Proper simulation of MCSs requires a model able to represent the underlying mesoscale dynamics. Some current-generation climate and forecast models have grid box sizes of ~1 km which enables the (deep) cumulus parameterisation to be switched off (convection-permitting models, hereby CPMs). CPMs are capable of partially-resolving convection and reduce some biases typically associated with the use of cumulus parameterisation9,10,11,12,13,14,15. CPMs have been shown to simulate realistic frequency and tracks of North American MCSs16 and more realistic MCS properties over Africa than lower-resolution parameterised-convection models17. CPMs have also been shown to reasonably represent key observed characteristics of intense precipitation events over the north-west Mediterranean, while underestimating the highest precipitation intensities14.

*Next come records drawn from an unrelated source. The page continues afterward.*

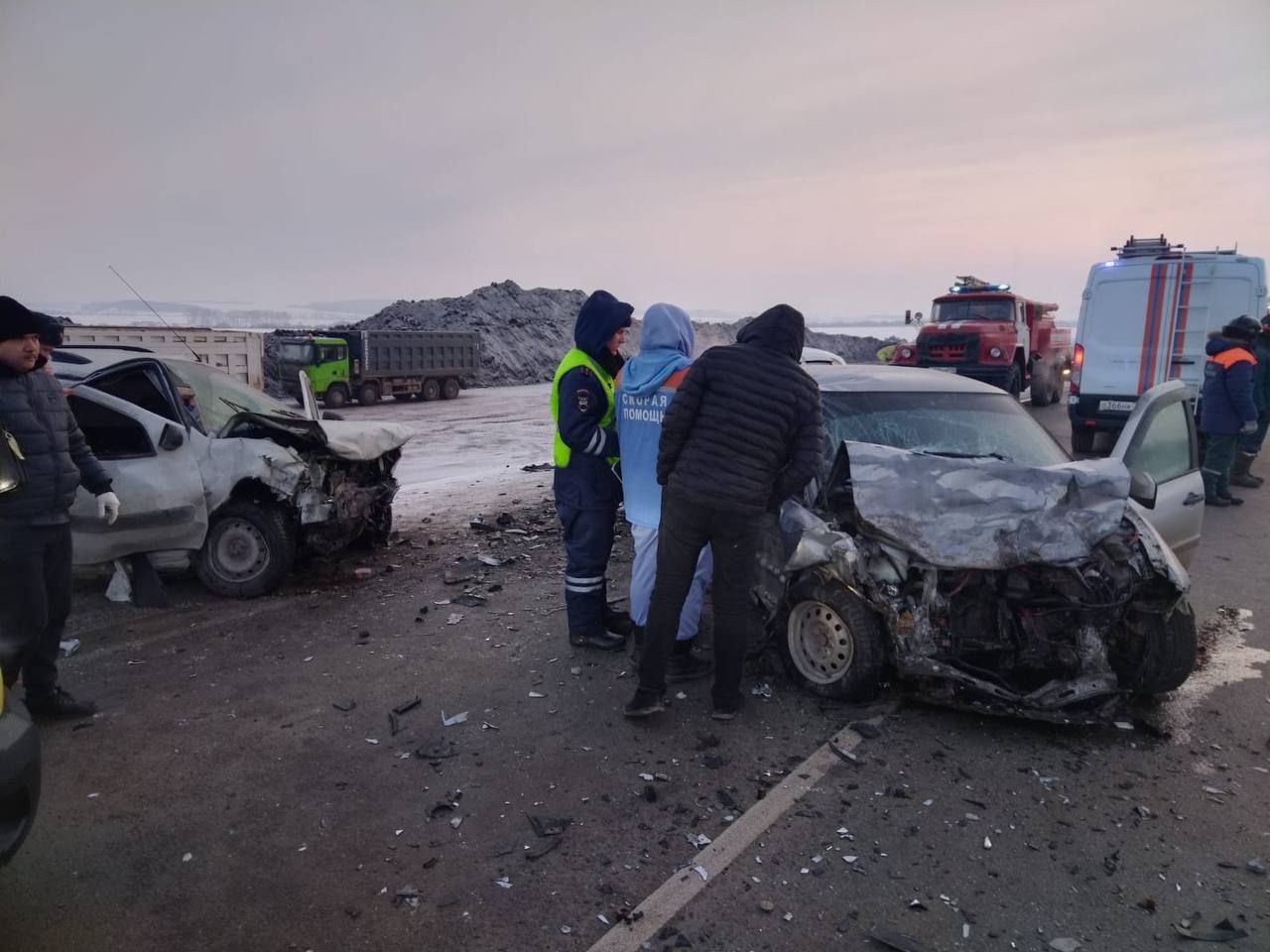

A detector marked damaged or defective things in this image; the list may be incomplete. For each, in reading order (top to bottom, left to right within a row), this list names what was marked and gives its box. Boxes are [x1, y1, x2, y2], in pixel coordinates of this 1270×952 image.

smashed windshield [164, 355, 302, 432]
severely damaged car [53, 349, 413, 599]
wrecked silver sedan [53, 349, 413, 599]
crumpled hood [575, 288, 635, 359]
crumpled hood [623, 303, 695, 397]
crumpled hood [734, 305, 802, 361]
smashed windshield [818, 391, 1064, 468]
smashed windshield [937, 301, 1016, 323]
severely damaged car [758, 367, 1206, 722]
wrecked silver sedan [758, 367, 1206, 722]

This study uses a series of the UK Met Office (UKMO) Unified Model and ETH-Zürich (ETHZ) COSMO Europe-wide 2.2 km CPM simulations11,18,19,20. These include ERA-Interim-driven hindcasts (1999–2008; UKMO:CPMUH, ETHZ:CPMCH) for both CPMs. However, the CPMs use different approaches to represent atmospheric changes due to global warming. The UKMO downscales a free-running global climate model for the present-day (driven by 1998–2007 sea surface temperatures; CPMUP) and for future-climate (same SST superposed with changes at the end of the century, 10 years long; CPMUF), while ETHZ uses a “pseudo-global warming” (PGW) simulation representing future-climate at the end of the century (10 years long; CPMCPGW). The PGW approach21 involves modifying the ERA-Interim boundary conditions used for the hindcast to capture the mean warming signal and associated changes in moisture and large-scale circulation, whilst the sequence of weather systems is unchanged. This allows the thermodynamic component of the future change22 to be robustly captured, with reduced influence from natural variability. Previous work over the US, using a PGW approach, showed increases in the frequency and precipitation volume of MCSs with global warming23. However, the PGW approach has limitations in representing variance changes driven by global warming21,24, which can be a critical control on MCS characteristics such as duration and area1; i.e., PGW cannot represent changes to the sequencing and timing of weather events and intra-seasonal/inter-annual modes such as the North Atlantic Oscillation (NAO). On the other hand, with the standard GCM downscaling approach, we assume that these changes are well represented by the driving GCM, noting that state-of-the-art GCMs still have significant biases in both the variance and the mean climate25,26.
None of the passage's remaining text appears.